On 07/07/2013 09​:20 PM\, Karl Williamson wrote​:

If it is the same 07locale.t as is in the core\, 68e8f474bc686a86c064b695b9c7400313d7af65 broke that one. It was relying on buggy behavior. It was failing to 'use locale'. The updated version of that test file is attached; it includes new tests.

It was relying on extremely long-standing /buggy/ behaviour then (going back to the introduction of locale in 5.6.0 in fact). The POD for POSIX makes no mention of having to 'use locale' in order for setlocale to function properly.

In fact\, I would question whether the revised behaviour is correct (though it may be more convenient for _you_). If the only way that setlocale() will function now is inside of 'use locale' then that should be POSIX's responsibility\, not the caller's.

John

p5pRT commented 11 years ago

From @Leont

On Mon\, Jul 8\, 2013 at 4​:42 AM\, John Peacock \john\.peacock@&#8203;havurah\-software\.org wrote​:

It was relying on extremely long-standing /buggy/ behaviour then (going back to the introduction of locale in 5.6.0 in fact). The POD for POSIX makes no mention of having to 'use locale' in order for setlocale to function properly.

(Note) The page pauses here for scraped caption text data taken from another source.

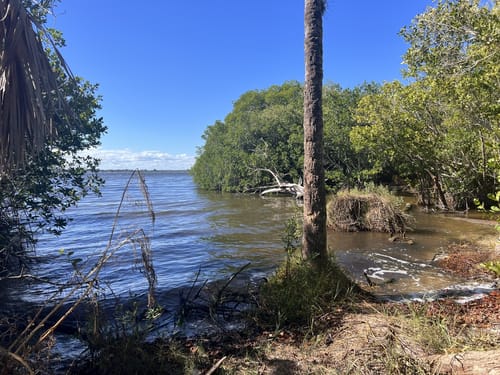 Maritime hammock sanctuary hotsell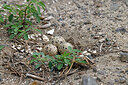 BUITEN BEELD Foto: 450182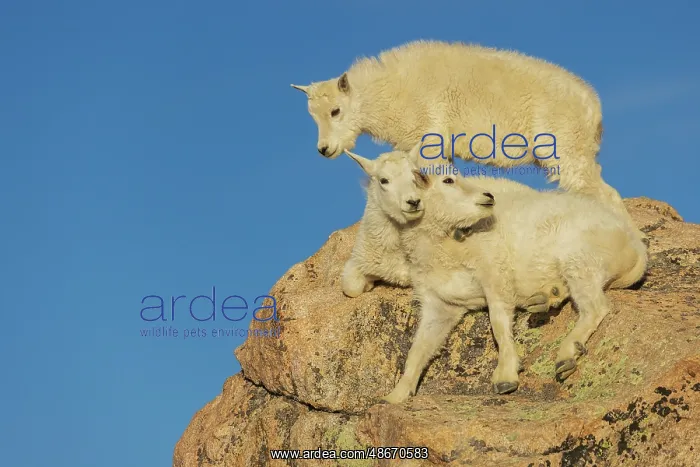  : Mountain goat kids playing in the alpine country of Colorado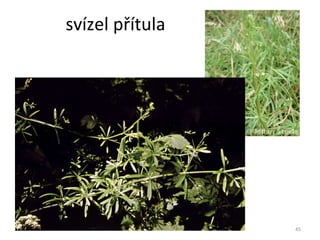 svízel přítula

perllocale does\, though «By default\, Perl ignores the current locale. The use locale pragma tells Perl to use the current locale for some operations.»

In fact\, I would question whether the revised behaviour is correct (though it may be more convenient for _you_). If the only way that setlocale() will function now is inside of 'use locale' then that should be POSIX's responsibility\, not the caller's.

The old behavior is crazy\, especially the way the stringification sticks to the number even after the locale is out of scope. This has been discussed on this list previously.

Leon

p5pRT commented 11 years ago

From @JohnPeacock

On 07/08/2013 09​:20 AM\, Leon Timmermans wrote​:

perllocale does\, though «By default\, Perl ignores the current locale. The use locale pragma tells Perl to use the current locale for some operations.»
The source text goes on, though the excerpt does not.